The pattern is not a single aesthetic. It is not the return of the Regency dandy or the resurrection of glam rock or any of the other historical narratives that fashion criticism reaches for when it needs a framework. It is something more contemporary and more complicated: a generation of male celebrities who have grown up on social media, who have close creative relationships with designers rather than just contractual ones, and who have decided — with varying degrees of success — that the red carpet is a place to say something.

At the 2026 SAG Actor Awards, the men's carpet was, by several accounts, more discussed than the women's. Not because the women were less extraordinary — several looks were extraordinary — but because the men were unexpected. Sheer fabrication on formal outerwear. Silhouettes that referenced womenswear without being drag. Colour choices that had no precedent in the formal menswear canon. One look, worn by an actor whose previous red carpet appearances had been entirely conventional, appeared to reference Helmut Lang's late-1990s deconstruction work in a way that was too specific to be accidental.

The Designer Side of the Story

The shift in male celebrity dressing did not emerge from nowhere. It was, in large part, engineered by a group of designers who identified the male celebrity body as an underused canvas and invested accordingly.

Jonathan Anderson at Loewe has been the most consistent architect of this shift. His menswear has spent the last three years systematically dismantling the formal codes of male dress — not to make men look like women but to ask, with genuine curiosity, why the rules were the rules in the first place. A Loewe suit is recognisably a suit. It is also somehow uncanny — proportioned slightly wrong, constructed slightly strangely, made from materials that a suit has no business being made from. On the right body, with the right intention, it is extraordinary.

Demna at Balenciaga, Daniel Lee at Burberry, Pharrell Williams at Louis Vuitton: each has brought a different energy to the question of what formal menswear can be. Each has found male clients willing to wear the answer on a red carpet in front of a global audience.

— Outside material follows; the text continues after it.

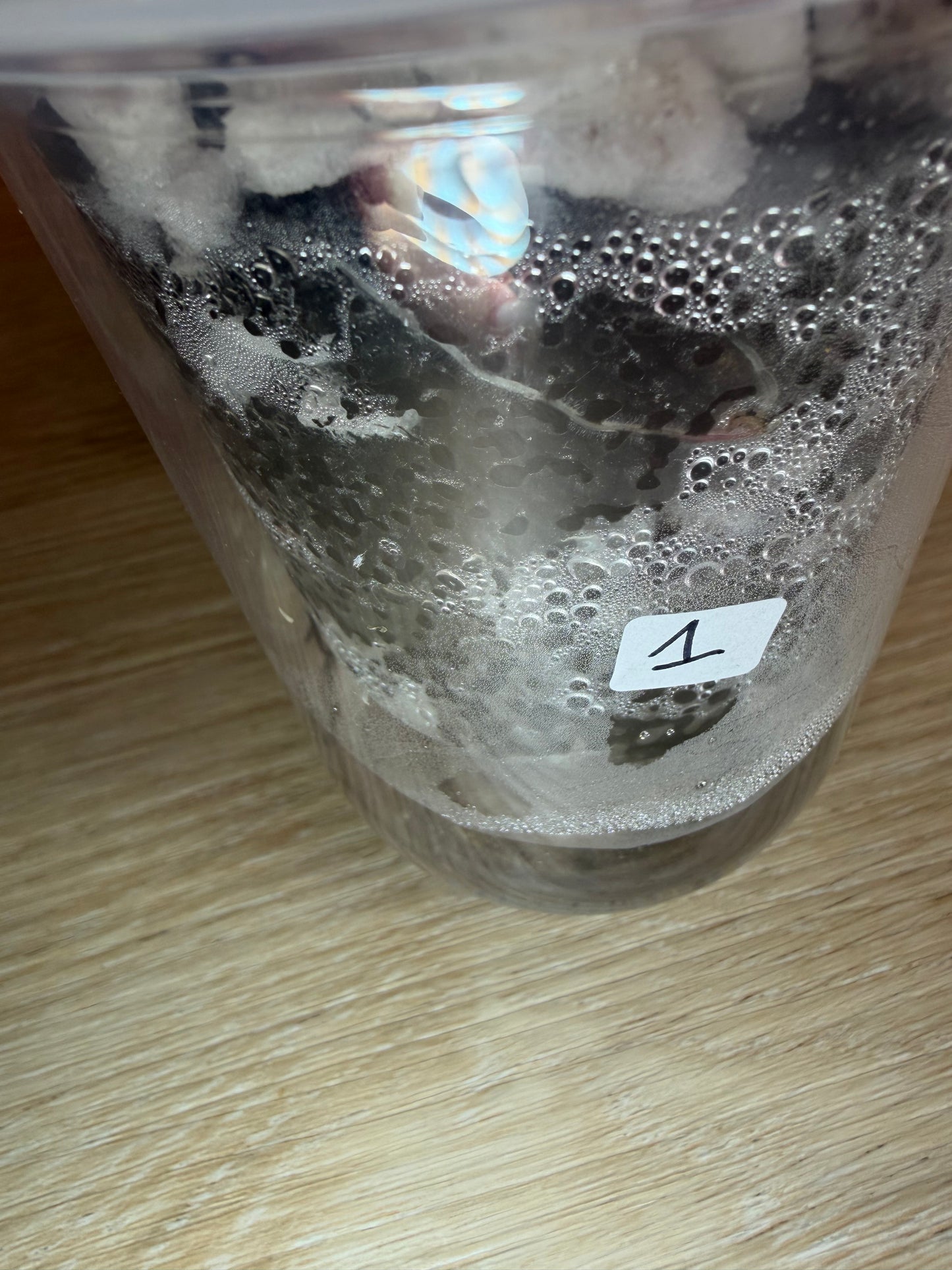 Alocasia Chantrieri Pink N1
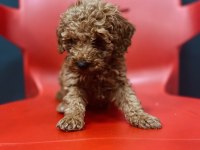 Ömürlük Yuva Arayan Kıvırcık Toy Poodle Kardeşler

The Celebrity Side of the Story

Designers make the clothes. Celebrities choose to wear them — and that choice is not passive. The male celebrities who are leading this shift are doing so deliberately, with curation and intent.

Several of the most discussed male dressers of the current moment describe their approach to red carpet dressing in terms that would not be out of place in a conversation with a creative director. They talk about the story they want to tell with a look, about the dialogue between the event's context and the clothes' context, about the discomfort of wearing something that might not land and why that discomfort is the point.

This is a new kind of celebrity-designer relationship. It is not the traditional arrangement, in which a brand dresses a face in exchange for visibility. It is something more like a genuine creative collaboration — with all the attendant complexity and, occasionally, brilliance.

The Backlash

Not everyone is enthusiastic. A significant portion of the commentary on adventurous male red carpet dressing tends toward the dismissive — the look is confusing, the proportions are wrong, what is he wearing and why. Some of this criticism is simply conservatism dressed as taste. Some of it is legitimate: not every experimental men's look is good, and the line between a considered statement and a miscalculation is thin and easy to cross.

But the backlash, when it comes, tends to confirm rather than undermine the significance of the shift. If men's red carpet dressing were still irrelevant, no one would bother to be angry about it.

What Comes Next

The question now is whether the current moment consolidates into something durable or dissipates back into the comfortable monotony of the black tuxedo.

The conditions that produced it — a generation of male celebrities who grew up fashion-literate, a group of designers genuinely interested in the formal codes of menswear, a social media ecosystem that amplifies style moments in ways that reward risk — have not gone away. If anything, they are intensifying.

Men's red carpet dressing is not having a moment. It is having a reckoning.